## DATASET EXCERPT
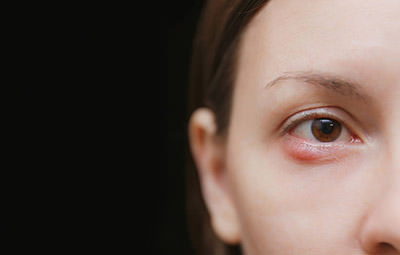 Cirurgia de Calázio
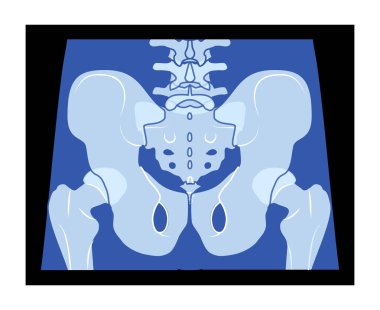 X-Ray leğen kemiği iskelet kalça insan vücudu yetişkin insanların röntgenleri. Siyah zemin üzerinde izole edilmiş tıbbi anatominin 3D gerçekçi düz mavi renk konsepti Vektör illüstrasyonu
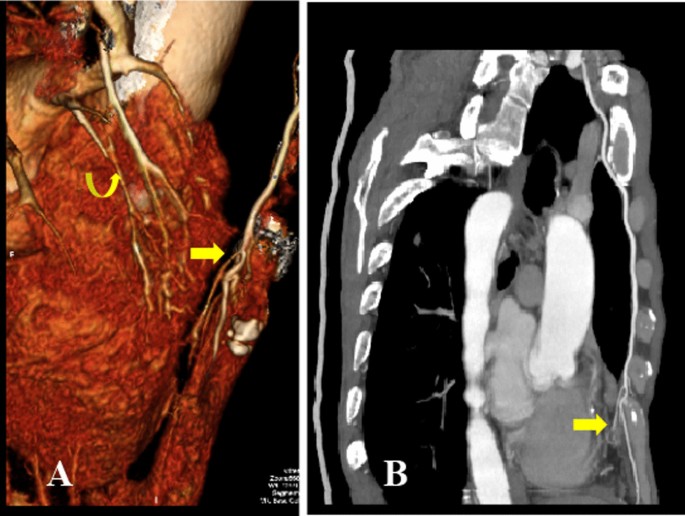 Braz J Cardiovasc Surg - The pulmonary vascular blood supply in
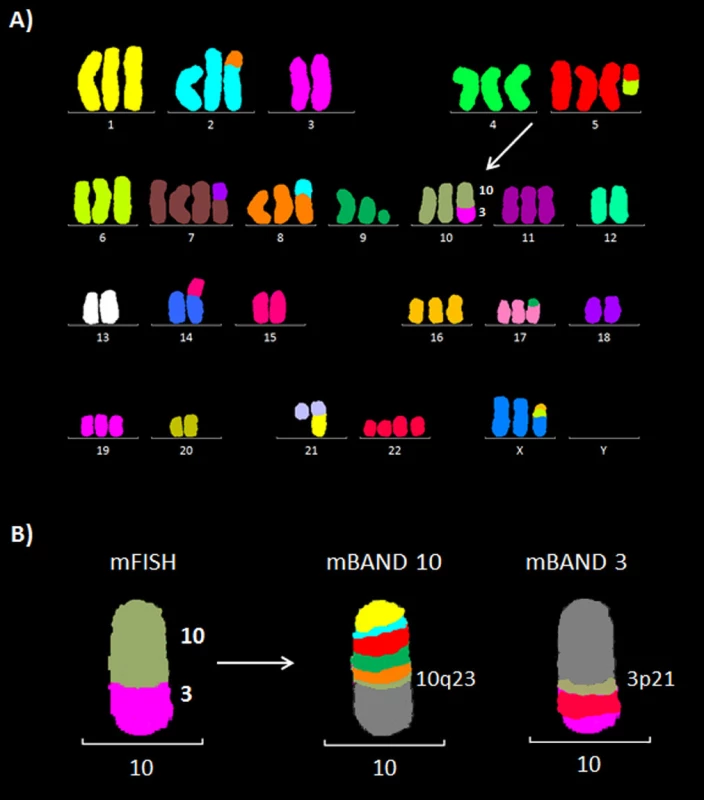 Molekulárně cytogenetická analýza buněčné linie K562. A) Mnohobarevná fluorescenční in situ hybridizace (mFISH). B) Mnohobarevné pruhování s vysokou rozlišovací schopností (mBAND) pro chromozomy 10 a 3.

## WORK TO BE COMPLETED
Could the data above be reproduced exactly, with the pictures left out?

## OUTPUT OF THE TASK
 Cirurgia de Calázio
 X-Ray leğen kemiği iskelet kalça insan vücudu yetişkin insanların röntgenleri. Siyah zemin üzerinde izole edilmiş tıbbi anatominin 3D gerçekçi düz mavi renk konsepti Vektör illüstrasyonu
 Braz J Cardiovasc Surg - The pulmonary vascular blood supply in
 Molekulárně cytogenetická analýza buněčné linie K562. A) Mnohobarevná fluorescenční in situ hybridizace (mFISH). B) Mnohobarevné pruhování s vysokou rozlišovací schopností (mBAND) pro chromozomy 10 a 3.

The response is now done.